Here’s how traditional spark plugs work: Energy generated by a coil builds across the spark plug’s air gap until the energy potential ionizes gases in the gap. This causes the gases to become conductive, resulting in a current spike and a momentary flash of hot plasma—like a tiny lightning bolt. A minuscule percentage of the energy used to create that spark ends up thermally igniting the fuel mixture, which then must propagate throughout the cylinder.

How Does a Transient Plasma System Differ?

TPS proposes employing a different kind of plasma to initiate combustion in a completely different way. Leveraging recent advances in solid-state high-voltage switching capability, voltage similar to that built up in an old-fashioned coil is summoned in a matter of 10-50 nanoseconds and dispersed not across a discrete gap but rather in streamers and sheets between an electrode and the plug’s peripheral housing.

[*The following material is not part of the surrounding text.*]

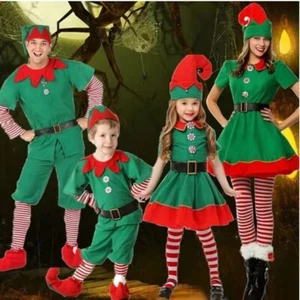 Enfant Adulte Tenues assorties de famille Vert Vêtements Cosplay - Foto 1 di 16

Megawatts of power generate this low-temperature plasma, but at millijoules of energy. Fully half of that energy gets expended, shattering the bonds holding oxygen molecules together and accelerating the individual oxygen atoms so that they attack and ignite the fuel far more quickly and at far lower temperatures.

Testing on a research engine burning ethylene at Ohio State University found that such ignition systems “demonstrated that chain reactions of radicals generated by the plasma reduce ignition time by up to two orders of magnitude and ignition temperature by up to [540 degrees],” according to a paper published by Plasma Sources Science and Technology. “These results provide additional evidence of the non-thermal nature of low-temperature plasma-assisted ignition.”

Let’s unpack that result. The super-high-speed ignition means less waiting for the flame front to propagate across a dilute mixture and a greater likelihood of burning all the fuel. The lower combustion temperature means far less formation of NOx and far less waste heat generated—so more of the fuel energy ends up propelling the vehicle.

The system has since been tested by Argonne National Labs in a Cummins I-6 natural-gas engine, where it demonstrated improved brake thermal efficiency, reduced CO and NOx emissions, and an ability to run lots of exhaust-gas recirculation.

Although TPS ignition can ignite air-fuel mixtures as lean as 25:1, that much excess air still complicates emissions control, so the goal is to run stoichiometric mixtures diluted by lots of excess inert exhaust gases. (It’s worth mentioning, however, that TPS is at work on another application of this technology to zap particulates and bust up NOx like it does O2.)

Fear not, performance fans. The TPS ignition can also boost power. Speedier combustion enables reduced spark advance, so less combustion happens while the piston is still moving up in the cylinder, leaving more of the combustion pressure to turn the wheels.

TPS Ignition Pros

Here’s what I like most about TPS ignition: The system drops right in, replacing today’s coils and spark plugs, and its benefits are additive to current technologies like turbocharging and hybridization.

According to TPS co-founder and CEO Dan Singleton, fuel economy benefits should run between 10 and 15 percent across a complete city driving cycle, and the price is now poised to undercut what similar technologies promising such gains cost. His company recently completed an $8.5 million Series A funding round and is in talks with “several OEs in Europe, Asia, and the U.S.”

There’s plenty of development and reliability work yet to be done, and these plasma plugs cannot tolerate a resister core, so other shielding will be required to prevent radio interference. But I’m bullish on plasma’s prospects for extending the combustion engine’s lease on life.